I watch the search terms people use to arrive at this blog with interest. Every blogger gets some weird ones but I get more than most. It kind of goes with the territory when you spend most of your time writing about murder, rape, abuse, death and the media.
I write on a fairly niche subject so I end up high in the results for searches for Irish legal or criminal matters. There’s a couple of weird ones – I get a LOT of hits from Japan for naked caricatures since I posted on the paintings of our esteemed Taoiseach in the nip that appeared in a couple of galleries in Dublin a while back using a full frontal image from Galway cartoonist Allan Cavanagh. And recently I seem to have become a go to place for those looking for the recipe for ricin (though since I’ve written extensively on that very subject I brought that one on myself).
Today I got an unusual one, a sentence that took me aback when I read it in the list of Google searches. Someone had found my blog looking for the phrase “Abigail Rieley is scum”. I know that people sometimes have very strong views about what I write here and that’s why I have comments enabled on every post. Blogging is a social form of writing and I believe people should have the freedom to express their views. I won’t allow comments that will cause unnecessary offence or break the law but if someone has a rational case to make they can make it freely.
But it got me thinking. I write, for the most part, about death. I earn my living following the stories of some of the most violent deaths we have in this country and I comment on them. I’m aware that I can’t please everyone if I come down on one side or another in a trial but I will always try to be as fair as I possibly can. But however fair I am there is always the risk of upsetting someone.
That’s the problem with this line of work. As a court reporter specialising in criminal trials I am feeding one of the oldest appetites for news. It’s the same public hunger that demands public executions and fights to the death for sport. It’s the side of humanity that watches the pain of others with a bright glint in the eye. Before you recoil in disgust stop a minute – it’s a lot more common than you think.
It’s the same side of us that laps up crime fiction and violent movies. Just because it’s make believe doesn’t mean it’s a different urge. It’s the same sneering little voice that laughs at the audition stages of Britain’s Got Talent, willing dreams to be dashed and hopes crushed and will continue to watch even though psychologist have warned of the dangers to the more vulnerable auditionees. But what I write about doesn’t have the sanitised gloss of entertainment. It’s real life, real death. The raw explosion of emotion that leads one ordinary person to take another’s life. You realise very quickly when you work down in the courts that the average person on trial for murder is not a psychopath or evil or depraved. They’re just like you and me.
With every trial there are people who have lost, families who must listen to their loved ones reduced to an echo, a cipher who was at the centre of a storm and is now in front of the court as a a series of figments; forensic samples, perhaps a few photographs taken after death and the inevitable post mortem. It’s shocking in it’s mundanity.

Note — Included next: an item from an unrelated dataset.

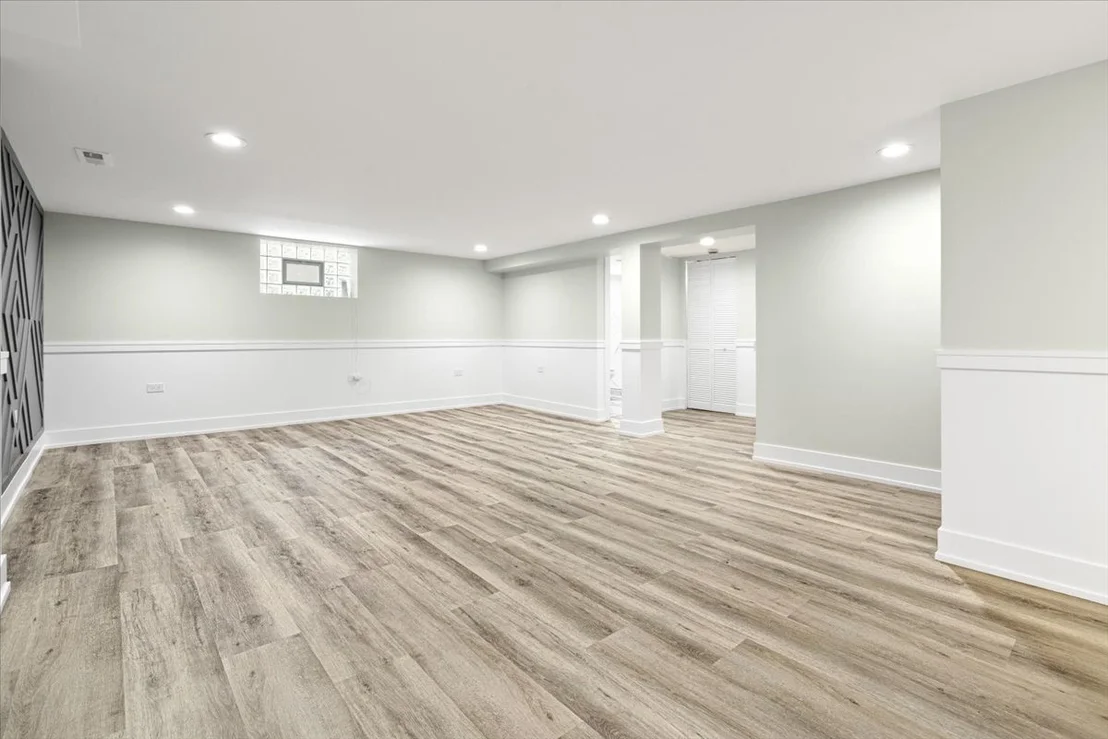 Photo of 438 W 126th Place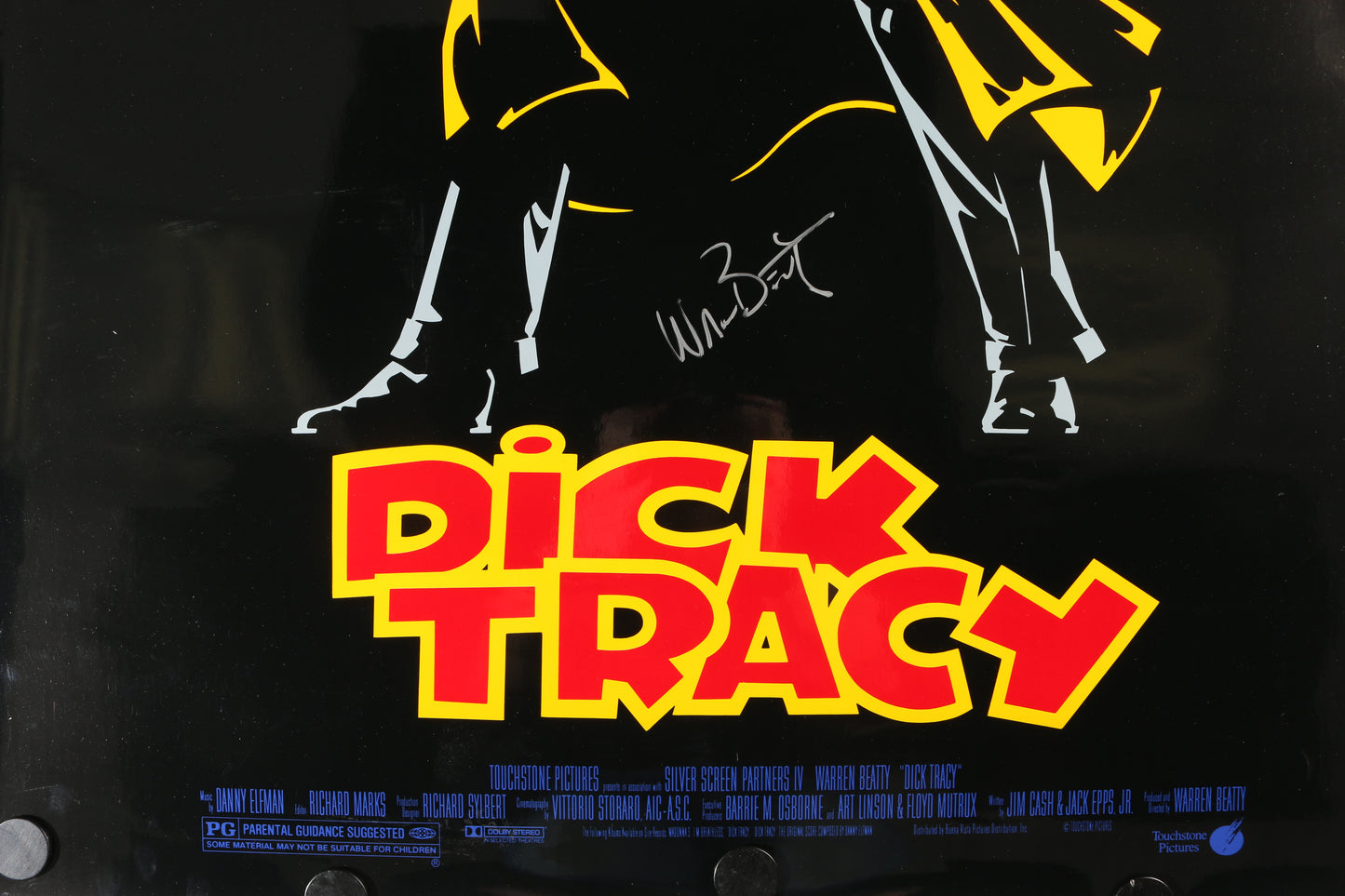 
                  
                    Warren Beatty as Dick Tracy in Dick Tracy Signed 27x40 Poster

I’ve seen the looks the family of both the accused and the deceased give us journalists as we file in to the front of the court. We’re usually seen as vultures, vermin scrabbling for the juicy titbits left over from a tragedy. I know how it looks, we all do. But the reality of the situation is that we are there to do a job and to feed an appetite for this kind of news. It’s easier to cover a trial when you aren’t emotionally involved and that distance tends to show itself as an increased cynicism and an outward callousness. We’re there to tell a story and allow the audience that same remove. We’re feeding an interest, crime and politics have been filling newspapers since they were just a bill pasted on a wall…at least we don’t write ballads about the more infamous trials these days.
I would argue though that court reporting’s not all base emotions. We’re witness to the carrying out of justice, one of the basic pillars of society. Without the courts we’d have anarchy, or something similar. When we write about murders we’re giving a voice to the dead and seeing their killers brought to justice – most of the time. Maybe the reason why there’s such an interest in crime stories is just that, because it puts the bad guys in their place and makes the world less scary. There will always be those that just see the sleaze and think what I do is sordid and perhaps even exploitative but all I can do is try to show them otherwise.